• **Exercise materials**
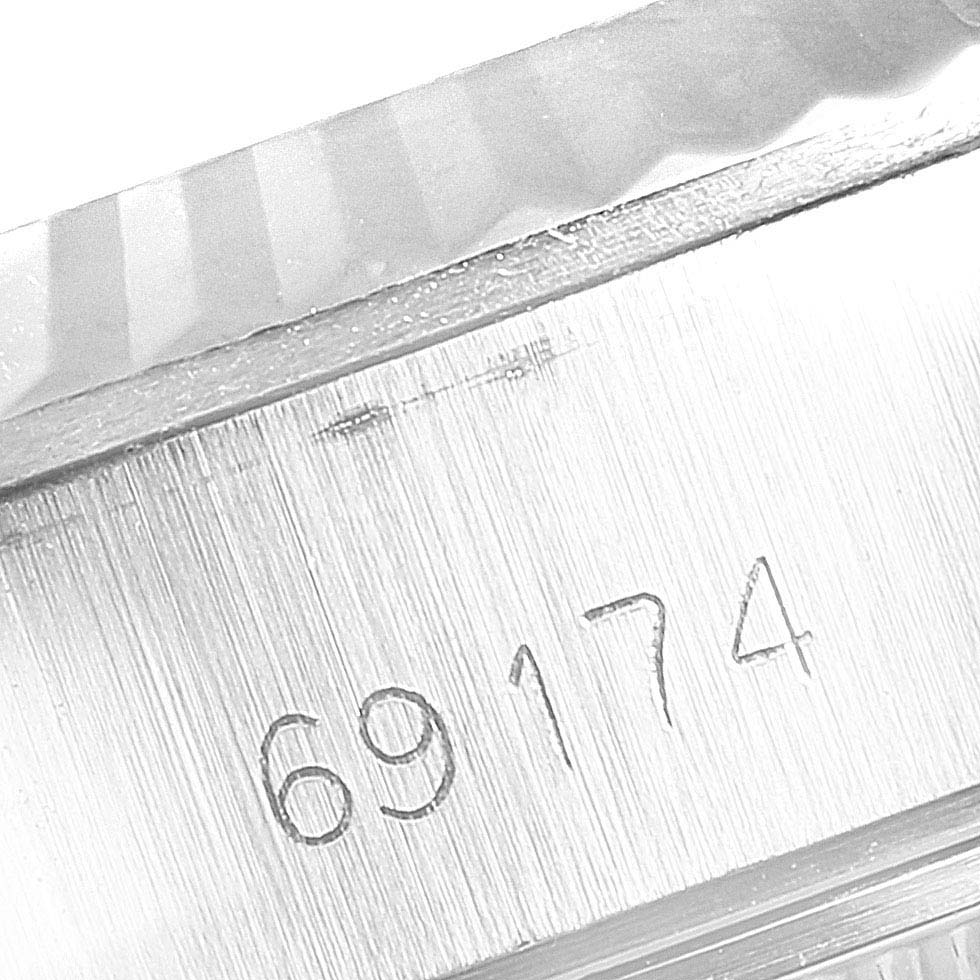 This image shows a close-up of the engraved serial number "69174" on the case of a Rolex Datejust 69174 Women's Stainless Steel Silver Dial 69174 Women's Stainless Steel Silver Dial watch.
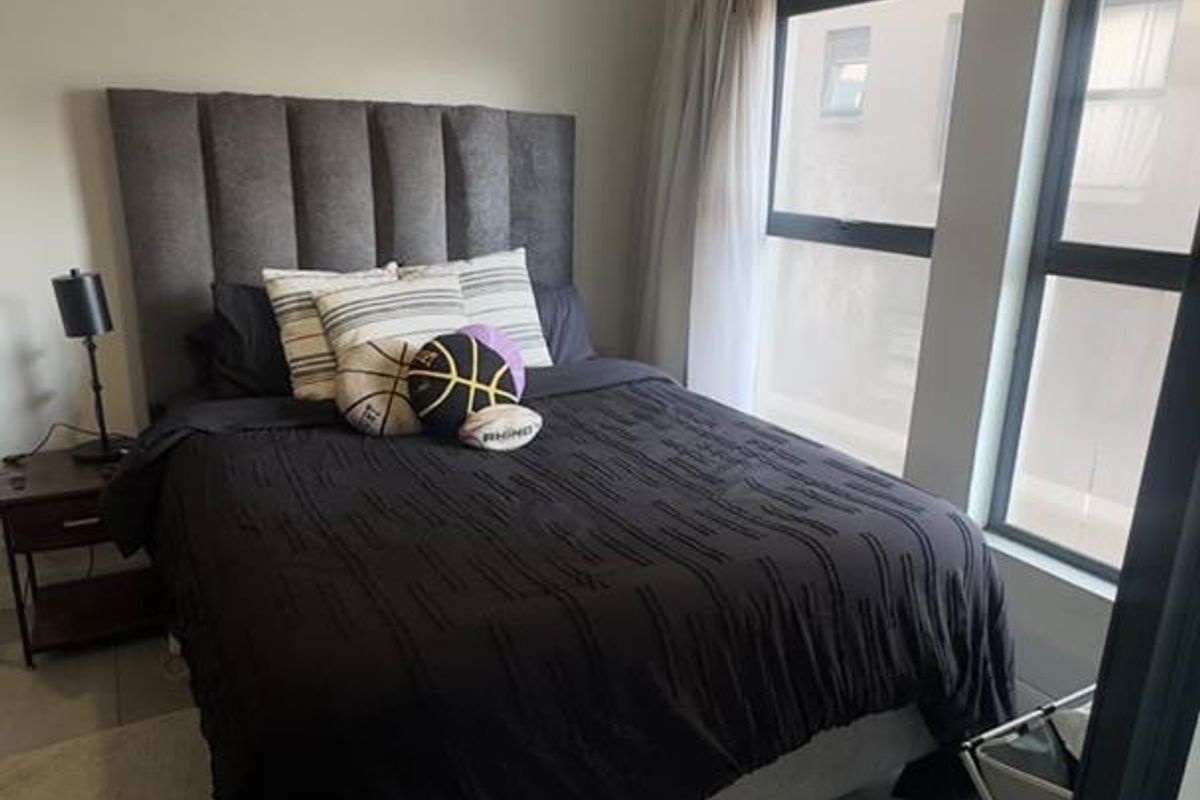 A well-lit bedroom featuring neutral tiled flooring, modern pendant lighting, and large aluminium-framed windows allowing for natural light.
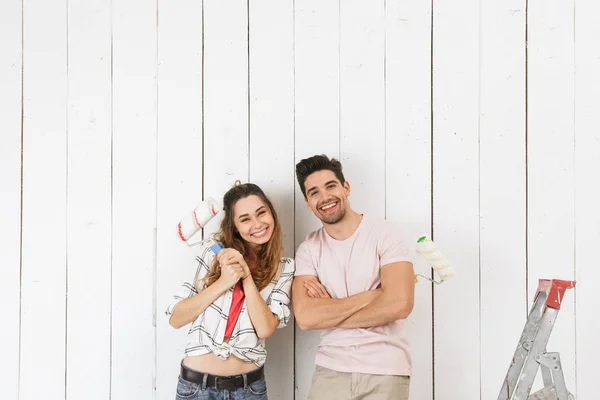 Photo of smiling couple man and woman painting white wall and making renovation using paint rollers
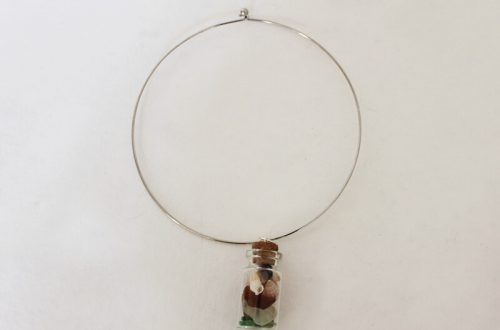a choker necklace with a charm filled with sea glass and shells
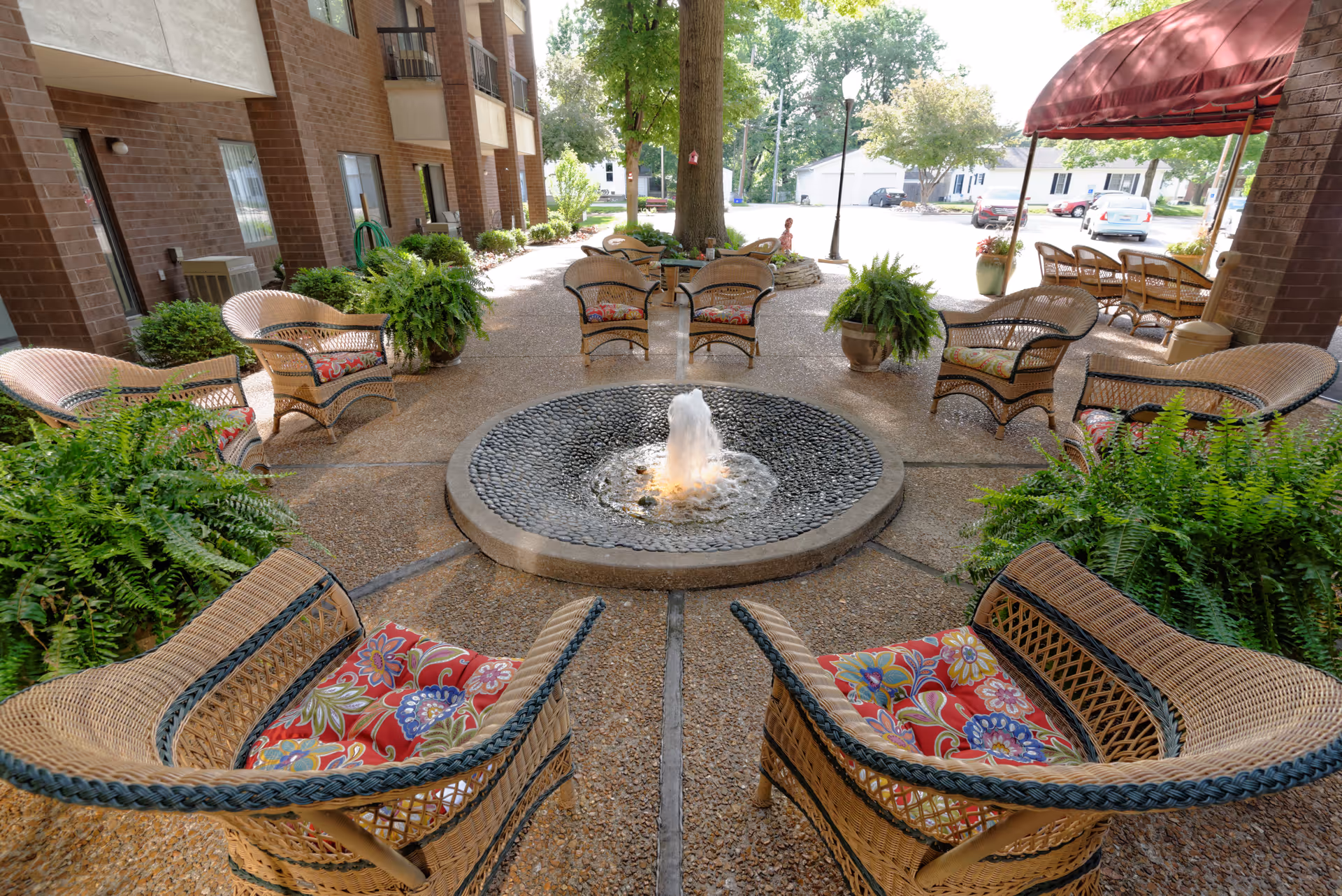 Outdoor seating area at Hickory Glen featuring wicker chairs with colorful floral cushions arranged around a circular stone fountain with water spouting in the center. The area is surrounded by potted ferns and greenery, with a brick building on the left and a red awning covering additional seating on the right. Trees and a parking area with cars are visible in the background.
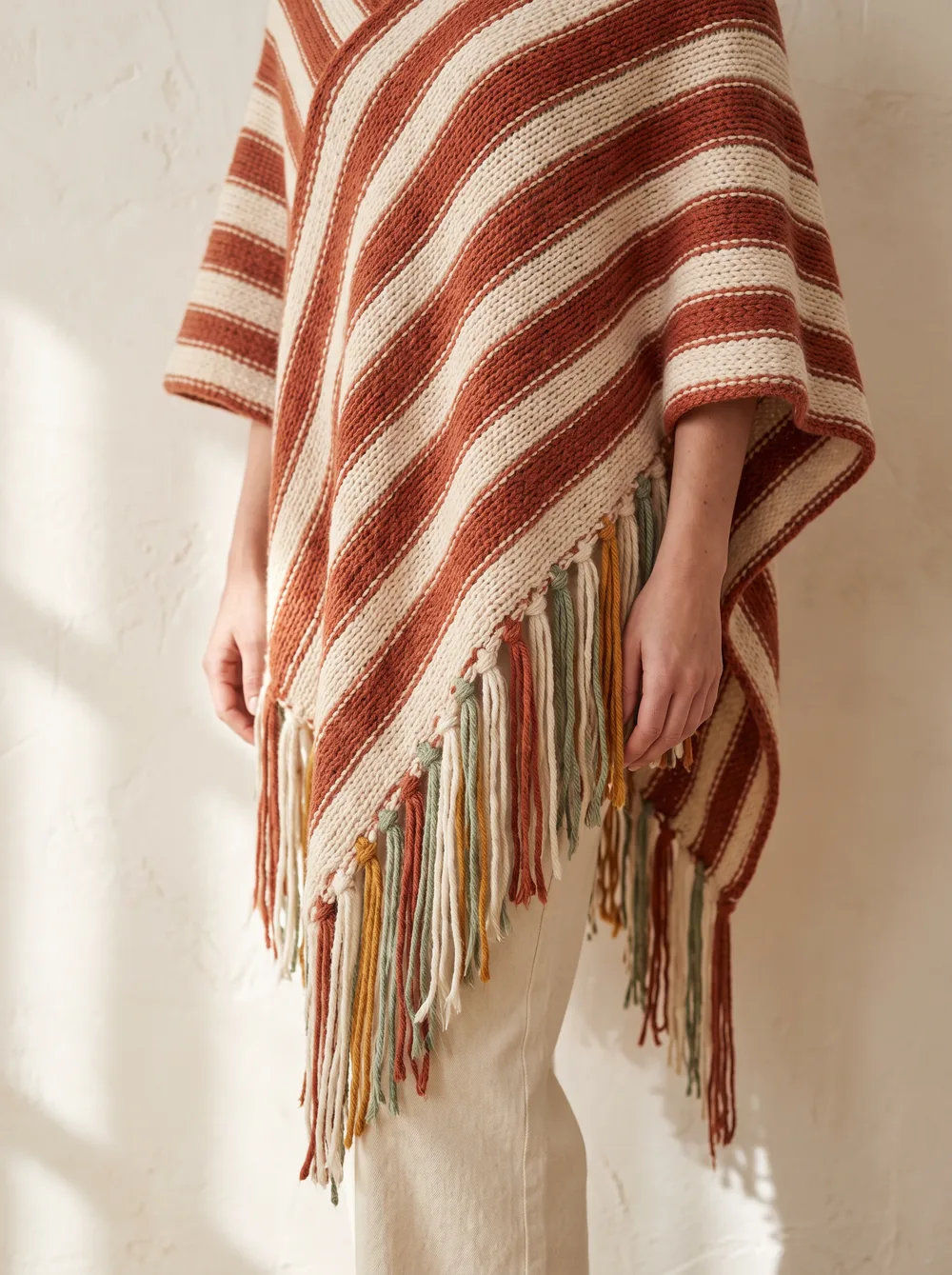 Poncho na drutach w pasy terakoty i kremu z frędzlami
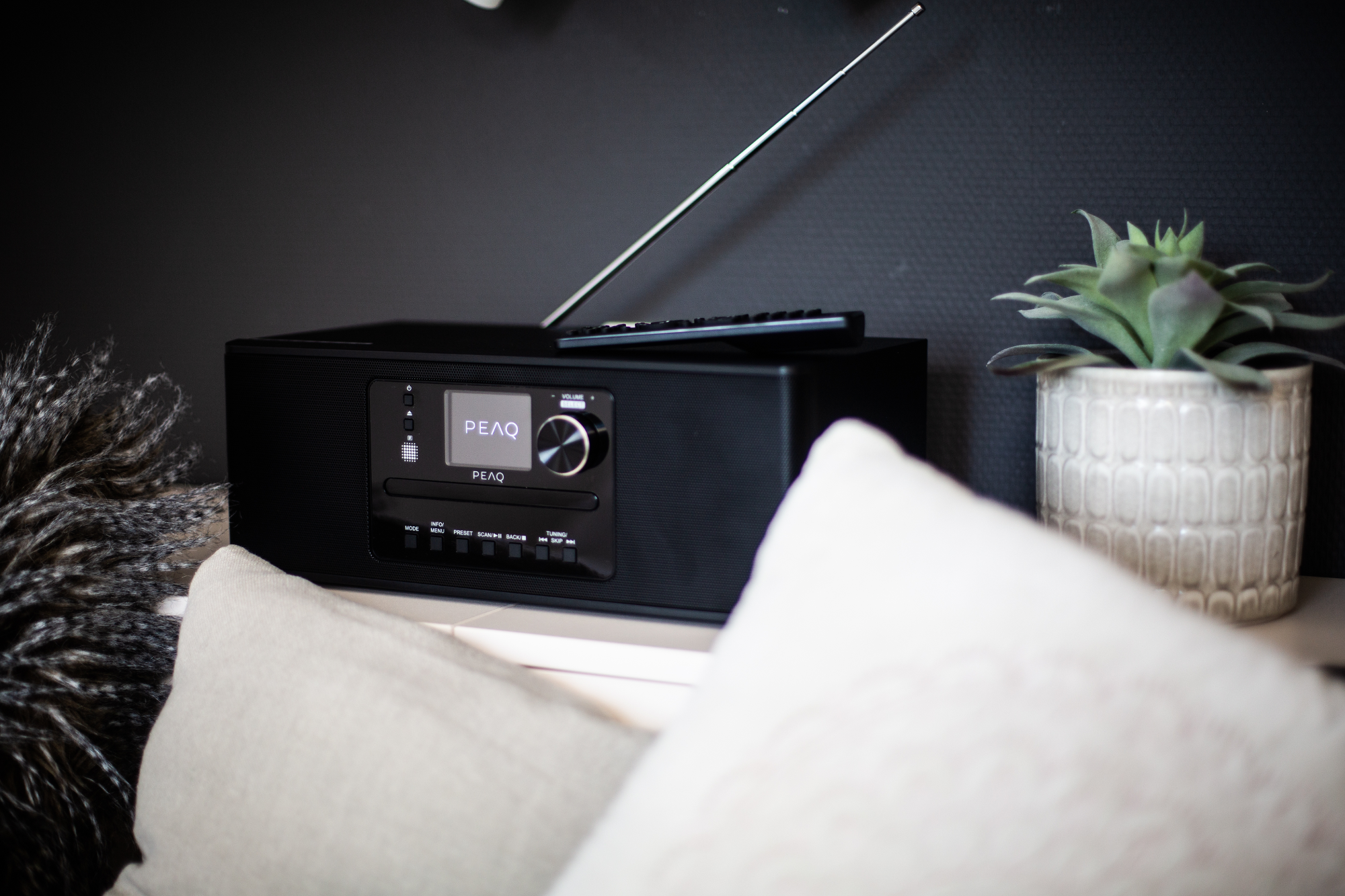 Un radio-réveil PEAQ noir avec antenne et télécommande.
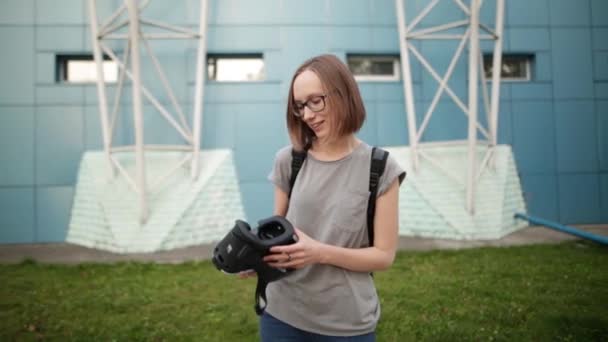 Ragazza sorridente con i capelli corti in possesso di occhiali di realtà virtuale su uno sfondo blu la sera. Tecnologia della realtà virtuale. Concetto VR del futuro . — Video Stock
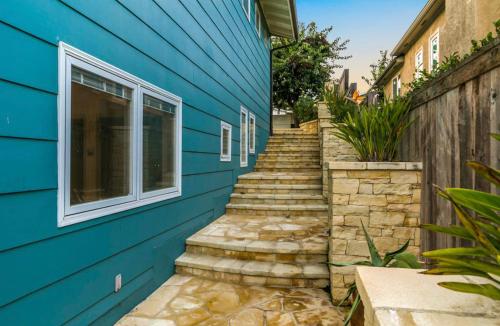 a blue house with stairs leading up to a window at Breathtaking La Playa Getaway With Golf Cart Use! in San Diego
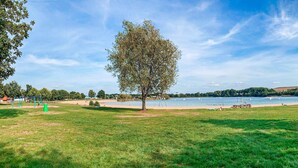 En park med ett stort träd, gräsområden, en sandstrand och en sjö.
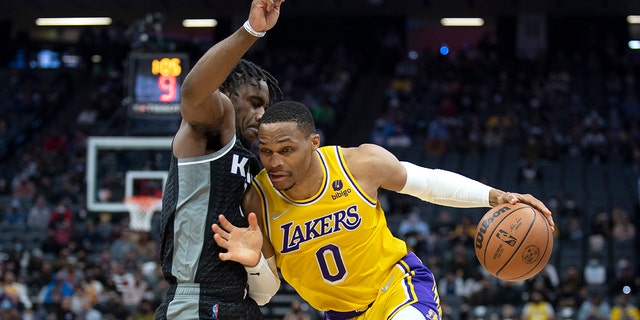 Los Angeles Lakers guard Russell Westbrook (0) tries to drive on Sacramento Kings guard Davion Mitchell, 剩下, in the first quarter of an NBA basketball game in Sacramento, 加州, 星期三, 一月. 12, 2022.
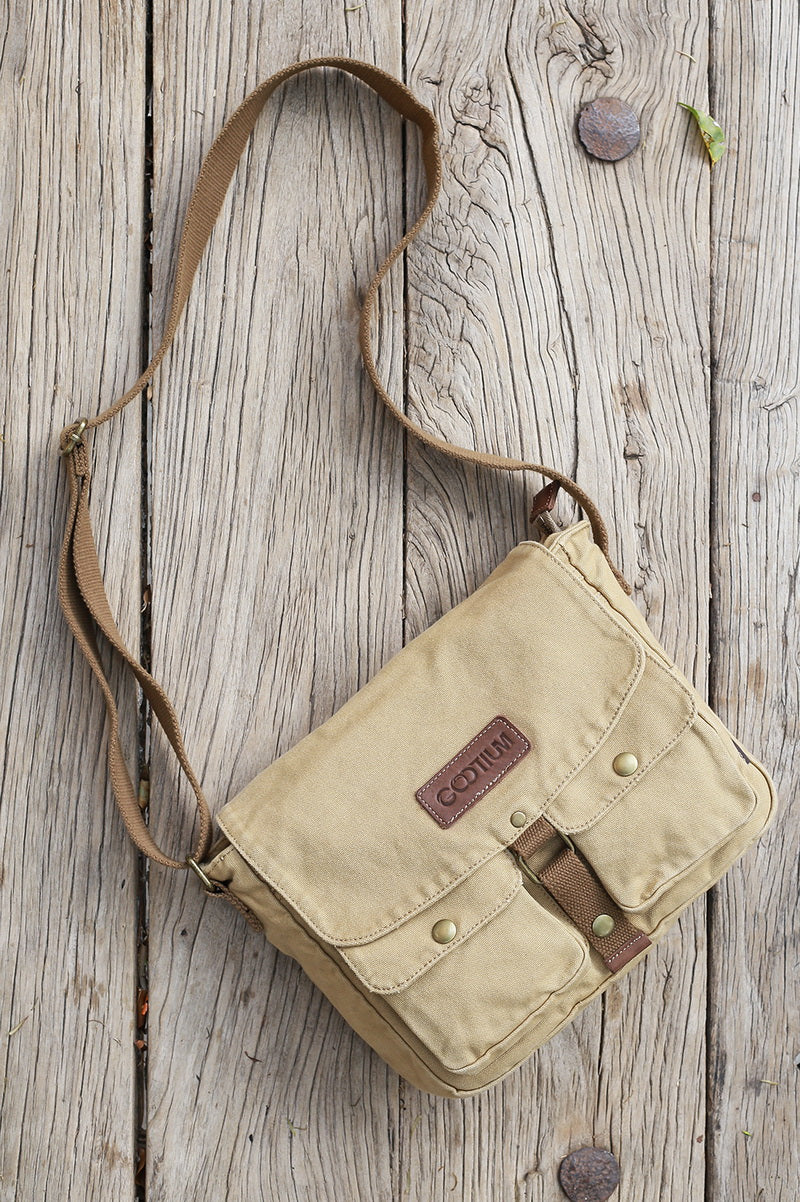 A beige canvas crossbody bag with brown leather accents and a long shoulder strap, laid flat on a rustic weathered wood plank surface.
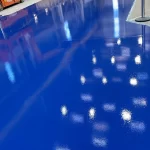 Piso em poliuretano azul refletindo as luminárias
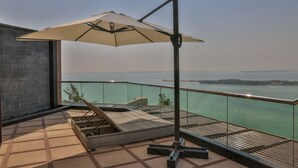 Un balcon avec vue sur la mer, un coin salon avec un transat et un grand parasol.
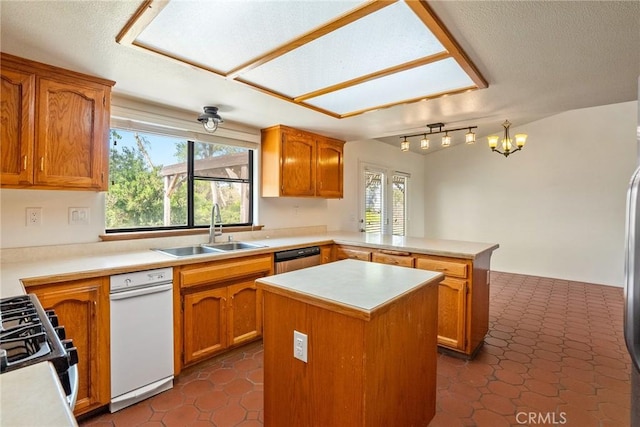 kitchen featuring kitchen peninsula, dark tile patterned floors, a kitchen island, appliances with stainless steel finishes, and sink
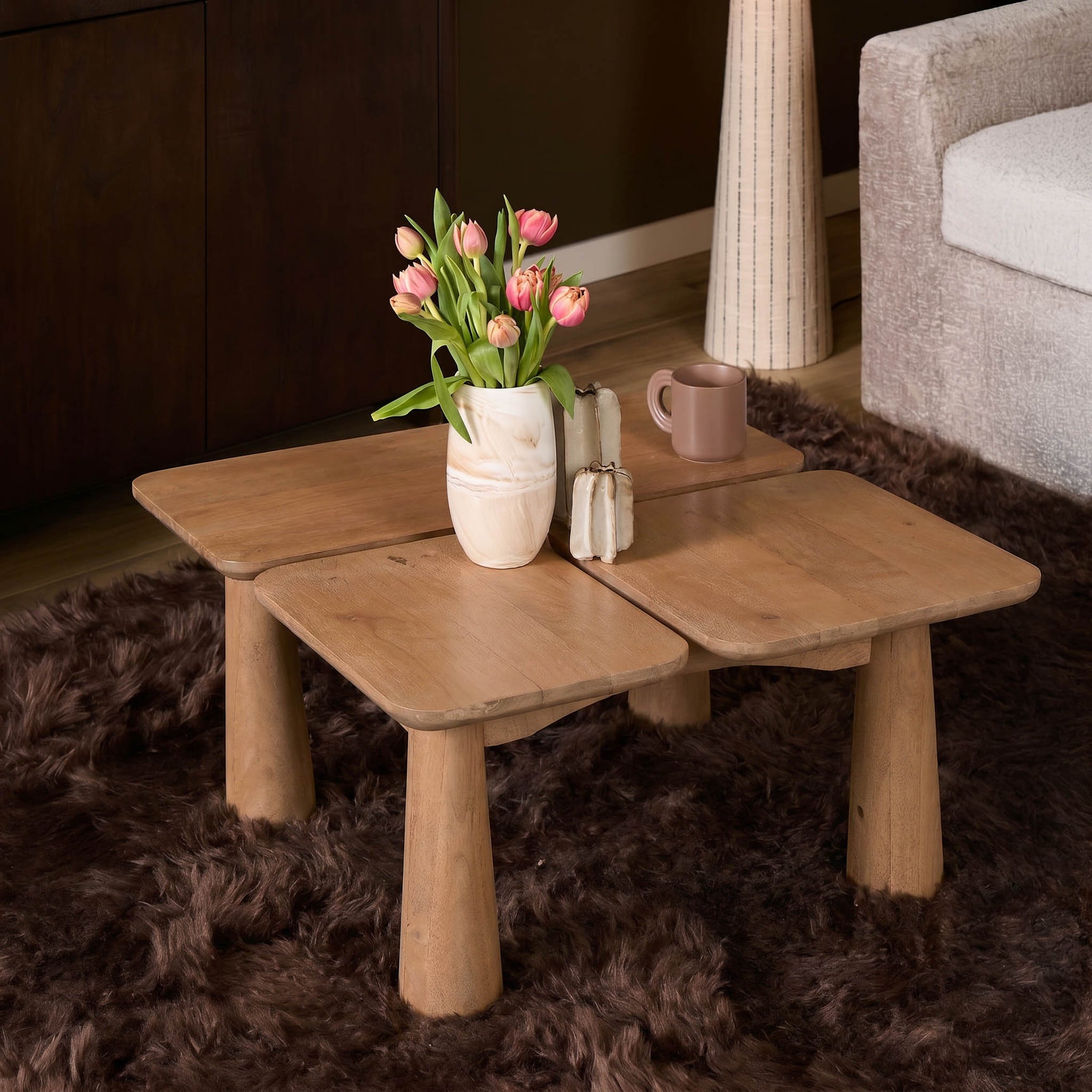 Houten salontafel met vier poten, vaas met bloemen en decor op het blad.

• **Exercise aim**
Leaving the pictures out, transcribe word for word the lines from the one with "kitchen featuring kitchen" to the end of the material above, inclusive, and nothing else.

• **Completed task**
 kitchen featuring kitchen peninsula, dark tile patterned floors, a kitchen island, appliances with stainless steel finishes, and sink
 Houten salontafel met vier poten, vaas met bloemen en decor op het blad.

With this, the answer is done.